Incy Wincy Spider climbed up the spout again.’
I wondered if they were doing the funny hand movements. Up and down with their fingers.
‘Again mummy, again.’ It’s the voice of a small child this time.
‘Incy wincy spider climbed up the water spout ….’
‘Again mummy, pretty please.’
‘Now Scarlett, it’s time to go to sleep. It’s been a long day.’ The sound of a light kiss on a soft baby cheek. I’d love to touch that cheek.
‘Good night darling. Sweet dreams. Love you.’
‘Good night mummy. Sweet dreams. Love you.’
It’s all quiet now. Mummy has turned the light off so Scarlett can go to sleep. I can hear her gently breathing. Suddenly I feel quite emotional. I would cry if I had tear ducts.
It’s going to be a long night. Unless a miracle happens, I will be dead in around ten hours. The clock is ticking.
“Do not stand at my grave and weep. I am not there, I do not sleep….” I have all night to ponder on these thoughts and other matters of life and death.
‘Mummy there’s a spider in the bath. Pleeease don’t run the water. Please don’t kill him. It’s Incy Wincy Spider, mummy.’
‘Scarlett, I hate spiders.’ Ha! That’s all the thanks I get for keeping your house free of bluebottles and wasps. I expect you think my webs are just there to a make your garden pretty.
Mummy has her hand on the tap ready to turn it on. It’s the hot tap.
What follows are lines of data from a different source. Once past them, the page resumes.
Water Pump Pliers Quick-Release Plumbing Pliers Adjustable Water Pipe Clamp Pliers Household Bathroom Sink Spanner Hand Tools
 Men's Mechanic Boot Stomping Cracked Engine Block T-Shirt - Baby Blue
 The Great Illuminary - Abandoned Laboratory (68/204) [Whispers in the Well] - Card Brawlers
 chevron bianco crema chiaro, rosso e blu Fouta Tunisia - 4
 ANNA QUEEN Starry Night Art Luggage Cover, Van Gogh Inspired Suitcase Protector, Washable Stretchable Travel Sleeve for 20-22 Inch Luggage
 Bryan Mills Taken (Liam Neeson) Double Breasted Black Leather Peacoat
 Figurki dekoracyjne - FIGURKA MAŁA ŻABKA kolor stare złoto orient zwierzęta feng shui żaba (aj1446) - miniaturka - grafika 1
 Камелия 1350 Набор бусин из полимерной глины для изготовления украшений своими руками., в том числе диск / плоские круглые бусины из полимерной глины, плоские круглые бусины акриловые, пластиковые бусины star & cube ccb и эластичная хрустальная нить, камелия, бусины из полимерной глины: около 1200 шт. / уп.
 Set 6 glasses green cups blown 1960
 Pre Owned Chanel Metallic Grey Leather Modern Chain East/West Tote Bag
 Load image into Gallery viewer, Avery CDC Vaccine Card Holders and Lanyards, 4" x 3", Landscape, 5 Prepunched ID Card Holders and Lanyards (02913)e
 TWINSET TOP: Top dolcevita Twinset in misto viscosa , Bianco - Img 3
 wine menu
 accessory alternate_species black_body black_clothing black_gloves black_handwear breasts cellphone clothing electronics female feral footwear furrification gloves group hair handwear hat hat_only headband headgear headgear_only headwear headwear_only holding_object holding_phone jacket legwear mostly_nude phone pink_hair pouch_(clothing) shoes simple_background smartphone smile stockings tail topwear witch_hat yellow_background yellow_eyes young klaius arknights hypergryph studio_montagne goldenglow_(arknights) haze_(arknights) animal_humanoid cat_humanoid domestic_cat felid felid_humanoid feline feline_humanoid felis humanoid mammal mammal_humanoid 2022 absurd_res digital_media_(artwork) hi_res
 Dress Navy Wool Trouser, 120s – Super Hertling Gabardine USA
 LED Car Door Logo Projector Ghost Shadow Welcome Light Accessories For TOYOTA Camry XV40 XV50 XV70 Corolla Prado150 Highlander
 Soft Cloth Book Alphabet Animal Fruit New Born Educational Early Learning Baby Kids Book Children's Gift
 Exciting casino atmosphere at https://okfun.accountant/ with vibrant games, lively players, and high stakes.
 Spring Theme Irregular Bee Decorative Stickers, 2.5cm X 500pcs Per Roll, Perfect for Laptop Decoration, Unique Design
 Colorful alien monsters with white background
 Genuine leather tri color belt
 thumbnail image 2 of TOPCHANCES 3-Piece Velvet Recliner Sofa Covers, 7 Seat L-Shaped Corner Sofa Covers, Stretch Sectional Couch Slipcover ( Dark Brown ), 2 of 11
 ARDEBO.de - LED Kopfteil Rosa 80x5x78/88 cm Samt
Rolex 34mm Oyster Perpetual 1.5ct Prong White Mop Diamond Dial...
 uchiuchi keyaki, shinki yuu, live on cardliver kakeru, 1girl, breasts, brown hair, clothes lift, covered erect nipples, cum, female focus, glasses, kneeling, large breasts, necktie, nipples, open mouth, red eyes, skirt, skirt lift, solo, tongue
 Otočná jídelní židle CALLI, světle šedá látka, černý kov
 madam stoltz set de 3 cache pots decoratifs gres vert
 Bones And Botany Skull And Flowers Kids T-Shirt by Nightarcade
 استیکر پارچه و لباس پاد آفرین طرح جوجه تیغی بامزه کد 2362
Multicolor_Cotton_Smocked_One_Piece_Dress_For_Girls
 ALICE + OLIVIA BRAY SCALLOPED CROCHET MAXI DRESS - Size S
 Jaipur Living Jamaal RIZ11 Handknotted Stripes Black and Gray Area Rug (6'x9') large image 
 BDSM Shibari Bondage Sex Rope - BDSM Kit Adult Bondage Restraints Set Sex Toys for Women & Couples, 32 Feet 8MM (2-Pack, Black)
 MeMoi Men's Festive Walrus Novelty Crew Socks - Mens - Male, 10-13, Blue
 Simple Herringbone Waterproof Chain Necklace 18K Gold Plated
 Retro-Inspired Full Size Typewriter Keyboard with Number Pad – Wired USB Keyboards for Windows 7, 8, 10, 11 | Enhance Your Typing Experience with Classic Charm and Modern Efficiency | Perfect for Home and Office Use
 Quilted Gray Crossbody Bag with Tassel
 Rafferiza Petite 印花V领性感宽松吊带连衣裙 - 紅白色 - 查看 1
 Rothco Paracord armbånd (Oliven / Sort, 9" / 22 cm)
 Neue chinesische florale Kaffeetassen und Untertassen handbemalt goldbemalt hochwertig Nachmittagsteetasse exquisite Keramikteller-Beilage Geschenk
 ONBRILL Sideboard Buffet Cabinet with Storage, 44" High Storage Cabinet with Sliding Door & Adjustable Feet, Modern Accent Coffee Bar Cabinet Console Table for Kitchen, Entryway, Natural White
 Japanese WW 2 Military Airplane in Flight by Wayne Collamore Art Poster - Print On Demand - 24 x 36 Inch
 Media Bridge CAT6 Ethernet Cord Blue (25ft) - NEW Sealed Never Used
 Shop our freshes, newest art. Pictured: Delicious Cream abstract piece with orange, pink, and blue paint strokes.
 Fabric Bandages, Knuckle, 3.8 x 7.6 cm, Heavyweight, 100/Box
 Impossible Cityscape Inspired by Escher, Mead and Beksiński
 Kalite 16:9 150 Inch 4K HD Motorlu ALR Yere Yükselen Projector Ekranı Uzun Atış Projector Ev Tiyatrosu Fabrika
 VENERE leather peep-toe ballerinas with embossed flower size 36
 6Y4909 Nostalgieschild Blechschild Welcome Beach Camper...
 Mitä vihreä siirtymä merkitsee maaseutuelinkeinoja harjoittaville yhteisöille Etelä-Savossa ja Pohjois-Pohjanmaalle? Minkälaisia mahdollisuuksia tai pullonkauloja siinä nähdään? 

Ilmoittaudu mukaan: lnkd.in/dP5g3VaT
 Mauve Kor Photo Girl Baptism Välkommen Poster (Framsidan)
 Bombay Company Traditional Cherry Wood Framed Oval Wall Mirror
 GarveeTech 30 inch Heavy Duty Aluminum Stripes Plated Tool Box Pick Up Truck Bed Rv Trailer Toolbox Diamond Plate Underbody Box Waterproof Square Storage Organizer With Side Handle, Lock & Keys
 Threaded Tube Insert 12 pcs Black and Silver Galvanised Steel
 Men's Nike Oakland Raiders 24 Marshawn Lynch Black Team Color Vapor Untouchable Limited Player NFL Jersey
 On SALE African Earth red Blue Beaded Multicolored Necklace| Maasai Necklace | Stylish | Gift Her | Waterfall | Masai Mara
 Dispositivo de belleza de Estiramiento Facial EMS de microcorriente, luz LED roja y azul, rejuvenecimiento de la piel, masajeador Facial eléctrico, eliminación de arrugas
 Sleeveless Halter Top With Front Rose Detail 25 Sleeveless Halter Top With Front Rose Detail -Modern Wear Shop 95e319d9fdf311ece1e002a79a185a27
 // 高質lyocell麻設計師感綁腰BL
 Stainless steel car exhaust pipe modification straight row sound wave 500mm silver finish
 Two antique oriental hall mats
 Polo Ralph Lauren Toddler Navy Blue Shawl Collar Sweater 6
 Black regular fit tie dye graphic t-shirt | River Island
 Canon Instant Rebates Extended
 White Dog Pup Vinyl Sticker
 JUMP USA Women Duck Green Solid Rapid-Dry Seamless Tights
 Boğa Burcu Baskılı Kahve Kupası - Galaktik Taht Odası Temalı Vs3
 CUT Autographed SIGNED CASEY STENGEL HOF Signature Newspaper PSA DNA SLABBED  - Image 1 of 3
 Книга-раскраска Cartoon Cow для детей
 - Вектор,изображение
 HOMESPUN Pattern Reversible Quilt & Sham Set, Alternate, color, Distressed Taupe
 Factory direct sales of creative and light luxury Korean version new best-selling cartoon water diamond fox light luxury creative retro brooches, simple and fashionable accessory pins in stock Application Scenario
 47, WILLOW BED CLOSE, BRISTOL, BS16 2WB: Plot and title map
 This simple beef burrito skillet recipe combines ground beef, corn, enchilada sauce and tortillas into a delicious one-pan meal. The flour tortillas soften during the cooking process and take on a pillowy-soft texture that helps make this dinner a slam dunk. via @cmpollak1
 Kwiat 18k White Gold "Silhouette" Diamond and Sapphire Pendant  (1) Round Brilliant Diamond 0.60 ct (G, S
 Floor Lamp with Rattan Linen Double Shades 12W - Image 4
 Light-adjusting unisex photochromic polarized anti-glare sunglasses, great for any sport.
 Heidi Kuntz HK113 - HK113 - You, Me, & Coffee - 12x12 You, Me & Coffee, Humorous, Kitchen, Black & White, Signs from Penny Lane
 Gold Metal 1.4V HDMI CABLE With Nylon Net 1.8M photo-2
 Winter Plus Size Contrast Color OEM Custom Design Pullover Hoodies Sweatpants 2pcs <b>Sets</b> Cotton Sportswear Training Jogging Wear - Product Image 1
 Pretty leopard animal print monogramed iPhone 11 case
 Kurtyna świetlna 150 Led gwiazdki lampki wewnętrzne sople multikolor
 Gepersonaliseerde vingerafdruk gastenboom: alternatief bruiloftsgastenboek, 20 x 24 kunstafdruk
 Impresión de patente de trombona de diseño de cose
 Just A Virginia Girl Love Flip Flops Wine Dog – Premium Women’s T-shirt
She’s going to boil me to death. ‘What if I just flush him away. He’ll swim down the drain and….’ The water starts to run and I scuttle quickly to the other end of the bath tub. This is it!
‘No mummy, STOP!’ (I’m loving this child more and more by the minute), ‘He’ll drown. JUST GET HIM OUT.’ Phew. The water stops. I’m a her by the way as we’ve already established, but right at this moment I don’t care if they refer to me as ‘it’. Most people call me an ‘it’. Usually followed by ‘an ugly, scary, eight-legged son-of-a-bitch’.
Finally persuaded, Mummy goes to fetch a glass and a piece of card. That’s the way folks remove me in these parts. I can see she’s terrified to get too close. Her hand is shaking and her breath is short and fast. It would be so funny to startle her by jumping, but in my current predicament I think it best not to tempt fate. She would probably have a panic attack and start running the tap again. She opens the window instead.
‘C’mon Mummy,’ Scarlett is pulling at mummy’s jumper sleeve. ‘He’s hungry and thirsty. He’s probably been there all night.’
With a deep breath and some cussing, mummy carefully slides the card under me and places the glass over the top. I don’t object or try to run away. Then she places me outside on the windowsill and shuts the window. I spin a web like a zip wire and scurry away into the garden. I expect mummy has collapsed on the bathroom floor by now, probably hyperventilating.
I had a lucky escape this time or was it fate? Maybe it just wasn’t my time.